The compound has consequently been investigated as a host and intrinsic phosphor material for optical and luminescent applications.

== Proton conductivity ==
Undoped LaNbO_{4} is not a particularly strong ionic conductor, but substitution of a small fraction of La^{3+} by lower-valent cations such as Ca^{2+} creates oxygen vacancies. In humid atmospheres, these vacancies can incorporate water and form mobile protonic defects.

Acceptor-doped rare-earth orthoniobates were identified as high-temperature proton conductors in 2006. Among the compounds studied, Ca-doped LaNbO_{4} showed the highest proton conductivity, approximately 10^{−3} S cm^{−1} at around 900–950 °C in humid atmospheres.

Protons dominate the ionic conductivity in wet atmospheres below about 800 °C. At higher temperature and under oxidizing conditions, electronic hole conduction becomes increasingly important.
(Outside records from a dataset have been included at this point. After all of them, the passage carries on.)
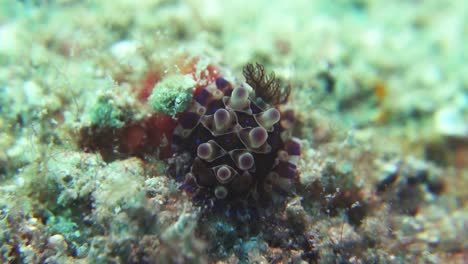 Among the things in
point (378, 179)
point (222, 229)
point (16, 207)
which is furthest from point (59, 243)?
point (378, 179)

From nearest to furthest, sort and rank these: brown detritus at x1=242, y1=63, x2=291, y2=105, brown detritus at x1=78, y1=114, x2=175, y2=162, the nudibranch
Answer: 1. the nudibranch
2. brown detritus at x1=242, y1=63, x2=291, y2=105
3. brown detritus at x1=78, y1=114, x2=175, y2=162

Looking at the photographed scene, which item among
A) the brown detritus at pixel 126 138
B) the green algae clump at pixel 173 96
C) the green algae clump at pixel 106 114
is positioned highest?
the green algae clump at pixel 173 96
The monoclinic-to-tetragonal structural transition influences proton mobility. Neutron-diffraction studies associate the change in proton transport with changes in the distance between neighbouring oxygen sites that form possible proton-hopping pathways.

== Applications ==
The chemical stability and proton conductivity of acceptor-doped LaNbO_{4} have led to its investigation as an electrolyte for protonic ceramic fuel cells, hydrogen sensors and related high-temperature electrochemical devices.

Complete fuel cells using Ca-doped LaNbO_{4}-based electrolytes have been demonstrated experimentally. Such cells show good open-circuit voltages and chemical stability, including operation in carbon-dioxide-containing atmospheres, although their performance is limited by the comparatively modest proton conductivity of the electrolyte.